### STUDY MATERIAL ###
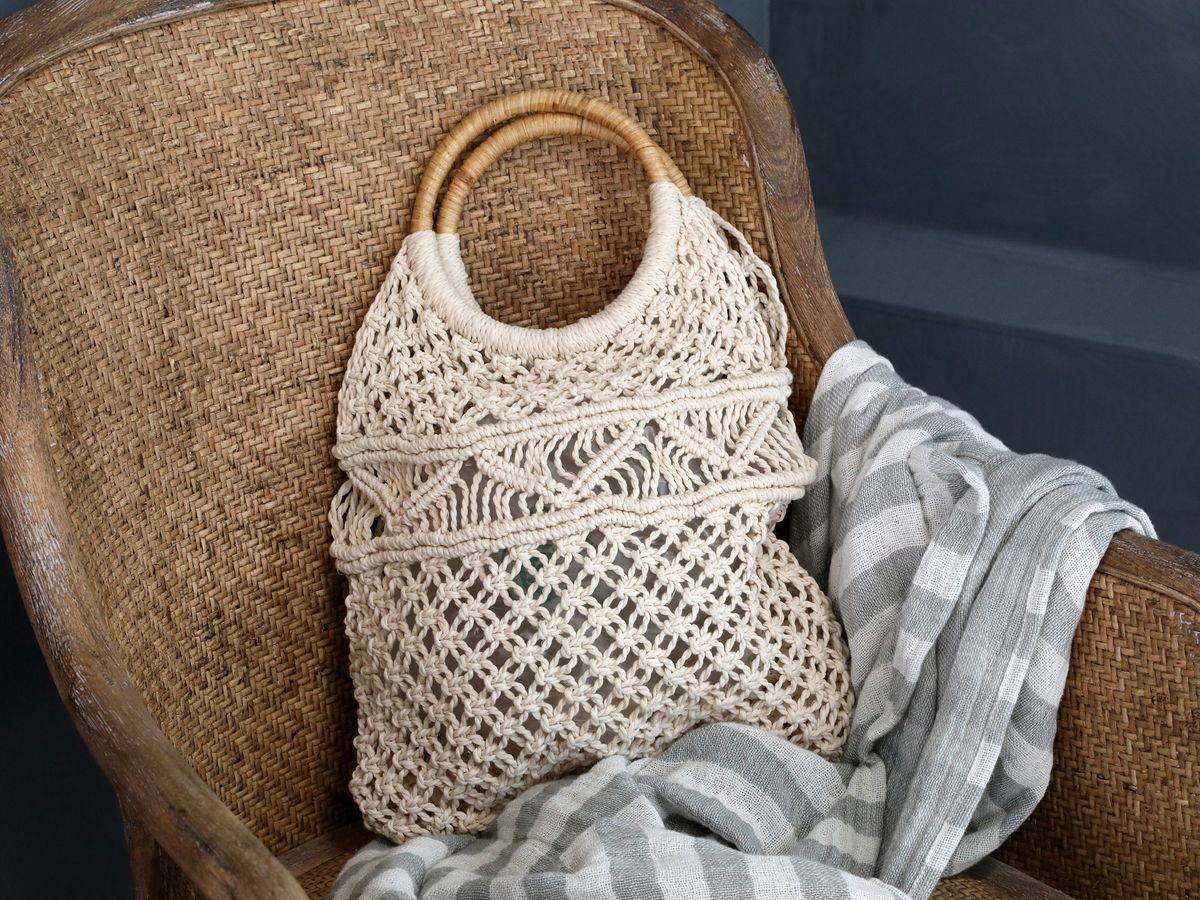 Fransk stol med flettet rygg fra Chic Antique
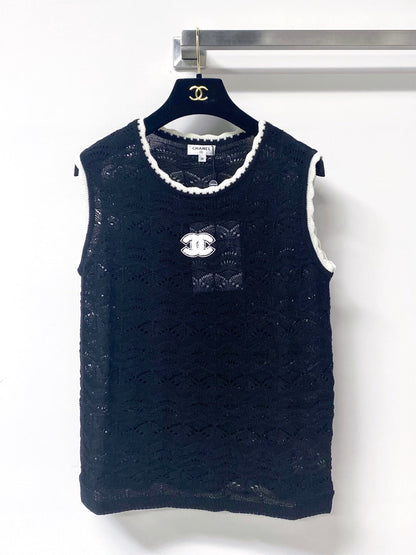 Chanel 2026 Vest With Logo Embellishment Wool Cashmere Tencel 295262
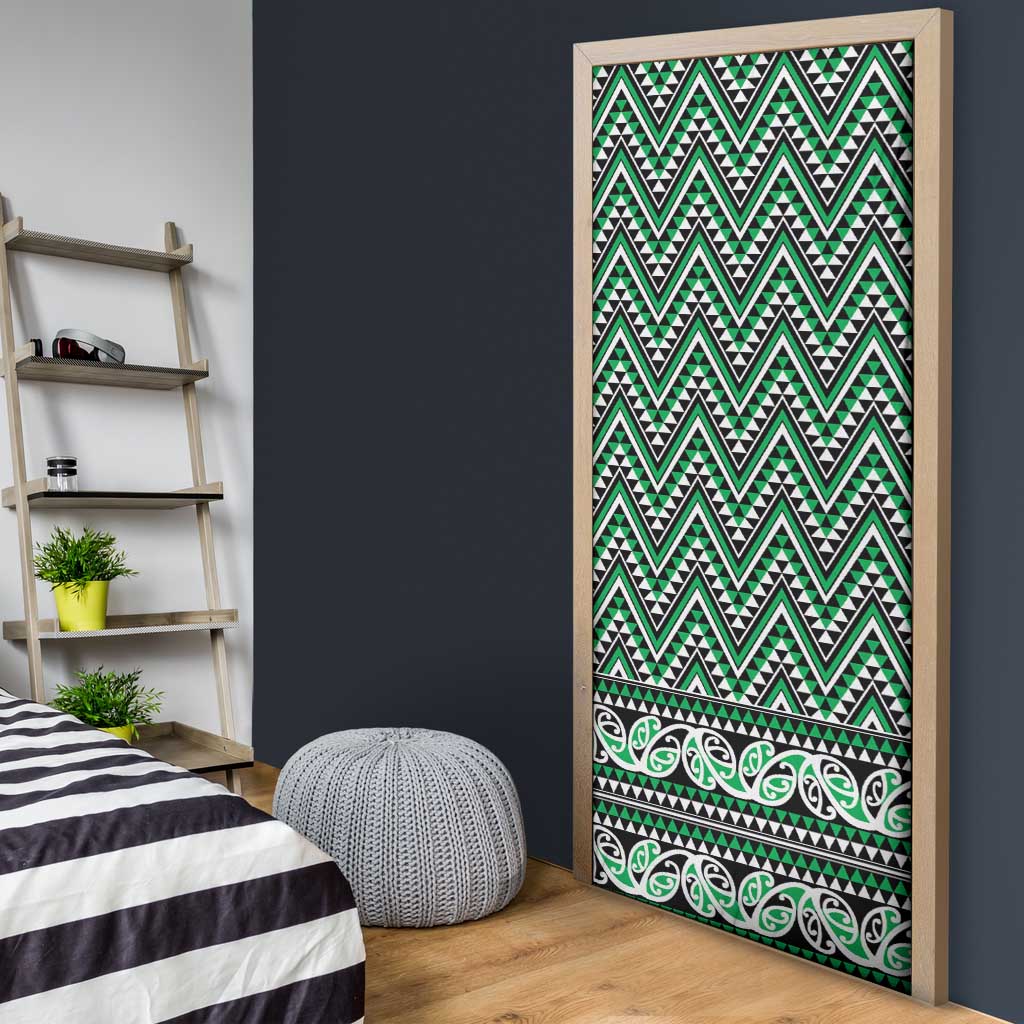 New Zealand Maori Niho Taniwha Door Cover Kakariki Mangopare and Puhoro Pattern - Aussie Hoodie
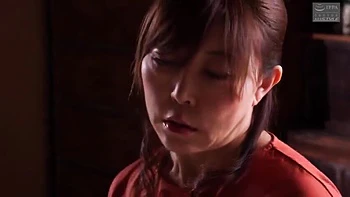 Fremdgehender Cuckold sieht zu, wie seine Freundin gefickt wird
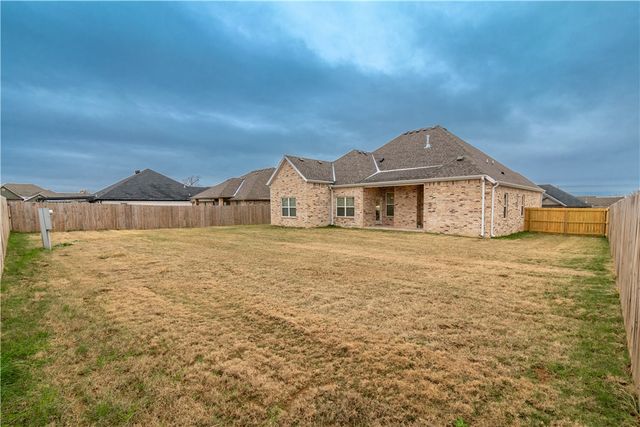 5863 Poppy Avenue, Springdale, AR 72762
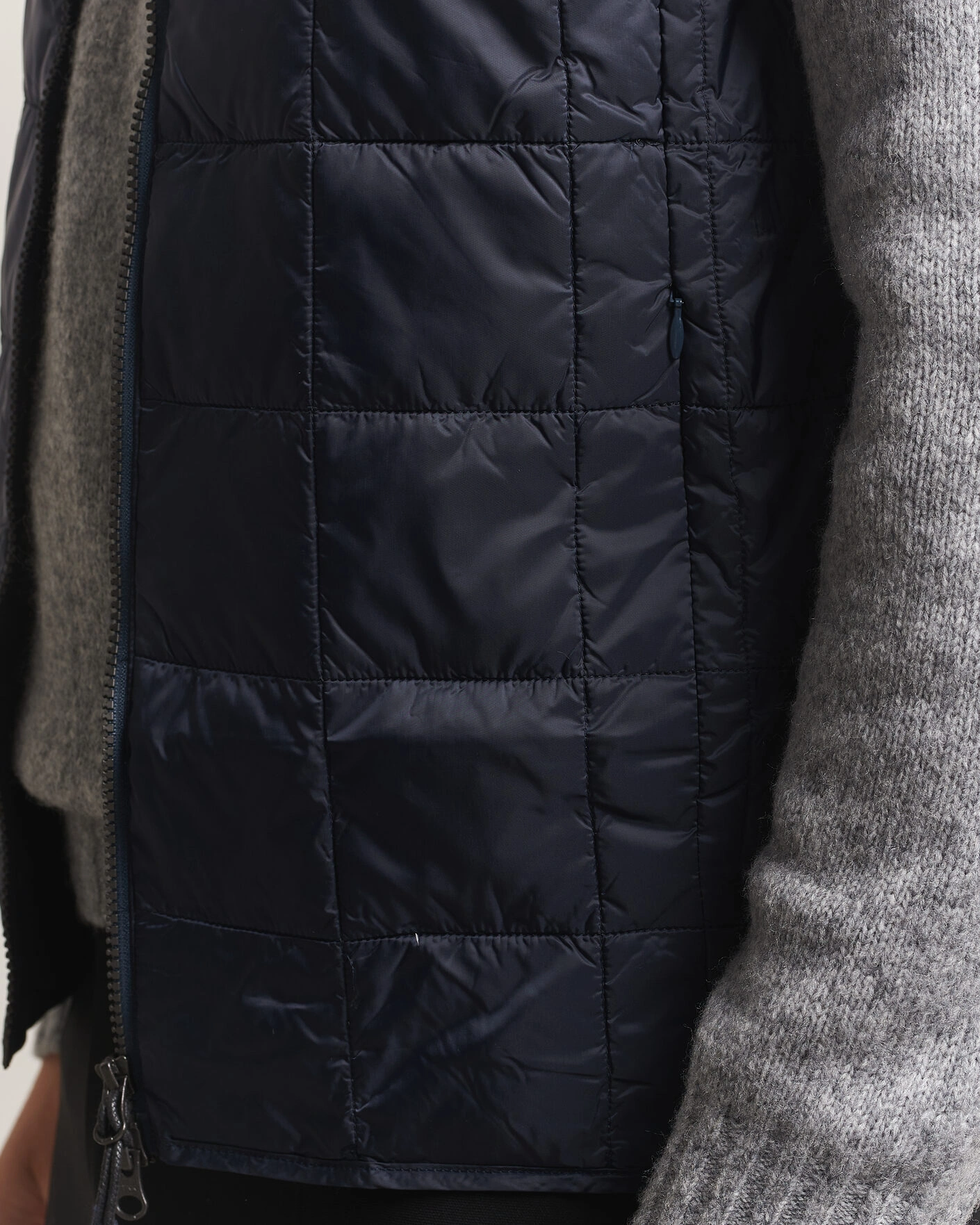 Herr | Västar | TAION | High Neck Full Zip Lightweight Down Vest Dark Navy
###
Pictures aside, restate all of the entries exactly.

 Fransk stol med flettet rygg fra Chic Antique
 Chanel 2026 Vest With Logo Embellishment Wool Cashmere Tencel 295262
 New Zealand Maori Niho Taniwha Door Cover Kakariki Mangopare and Puhoro Pattern - Aussie Hoodie
 Fremdgehender Cuckold sieht zu, wie seine Freundin gefickt wird
 5863 Poppy Avenue, Springdale, AR 72762
 Herr | Västar | TAION | High Neck Full Zip Lightweight Down Vest Dark Navy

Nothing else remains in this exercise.